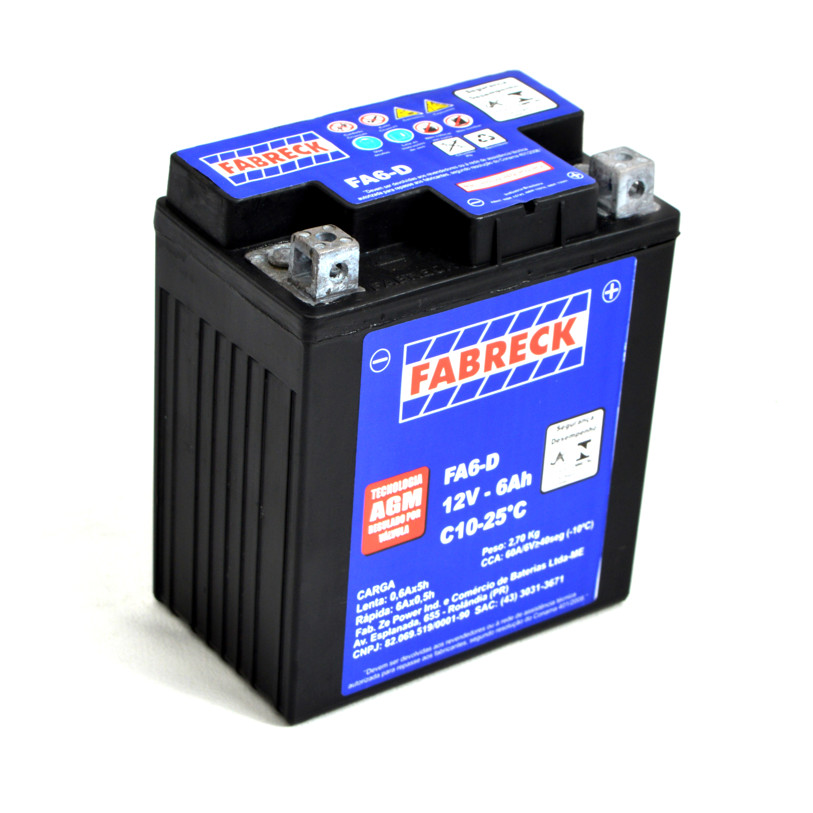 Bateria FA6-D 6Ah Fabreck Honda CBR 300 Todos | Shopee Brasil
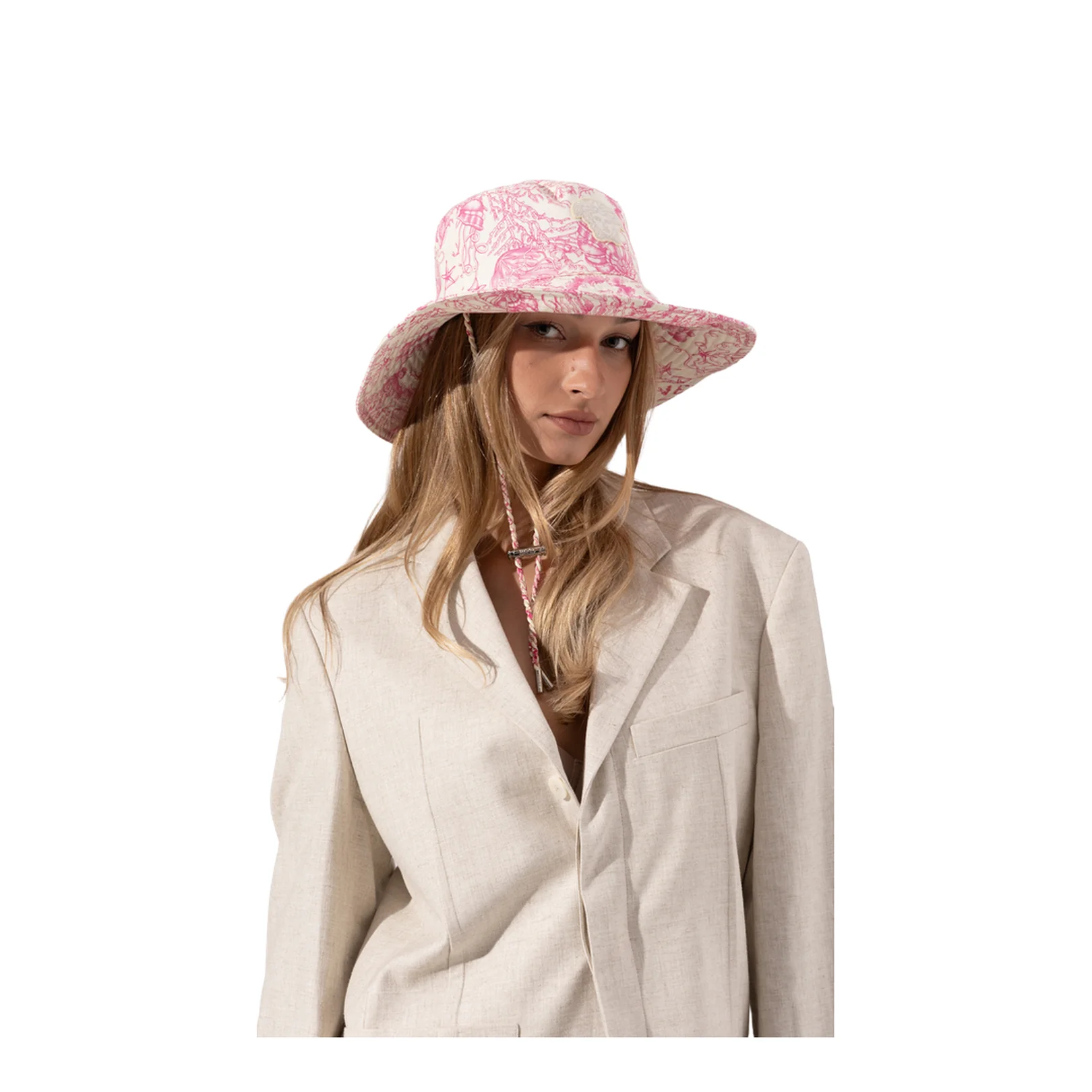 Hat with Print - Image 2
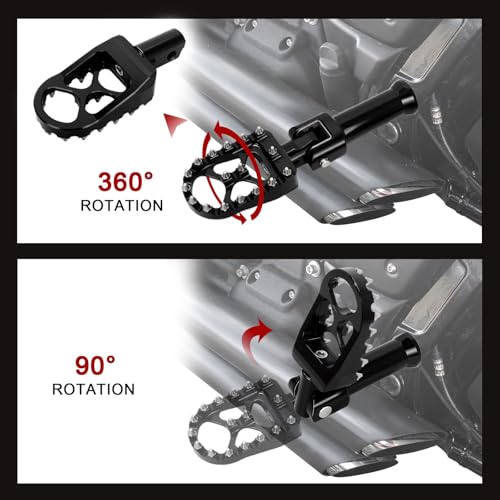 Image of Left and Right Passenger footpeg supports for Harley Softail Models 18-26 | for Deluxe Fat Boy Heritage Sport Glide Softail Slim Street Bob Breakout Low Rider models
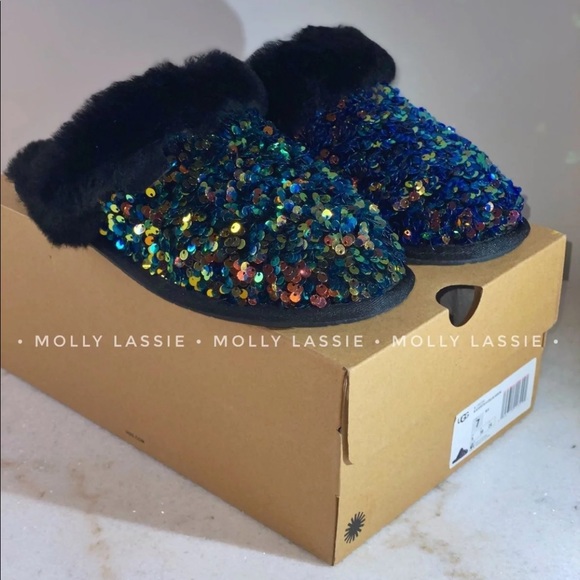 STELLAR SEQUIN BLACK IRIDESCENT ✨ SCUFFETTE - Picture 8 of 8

########

Reproduce the lines of the data that run from the one containing "Hat with Print - Image 2" to the final line, both included, exactly as they appear and without the pictures.

ANSWER TO THE PROBLEM:
 Hat with Print - Image 2
 Image of Left and Right Passenger footpeg supports for Harley Softail Models 18-26 | for Deluxe Fat Boy Heritage Sport Glide Softail Slim Street Bob Breakout Low Rider models
 STELLAR SEQUIN BLACK IRIDESCENT ✨ SCUFFETTE - Picture 8 of 8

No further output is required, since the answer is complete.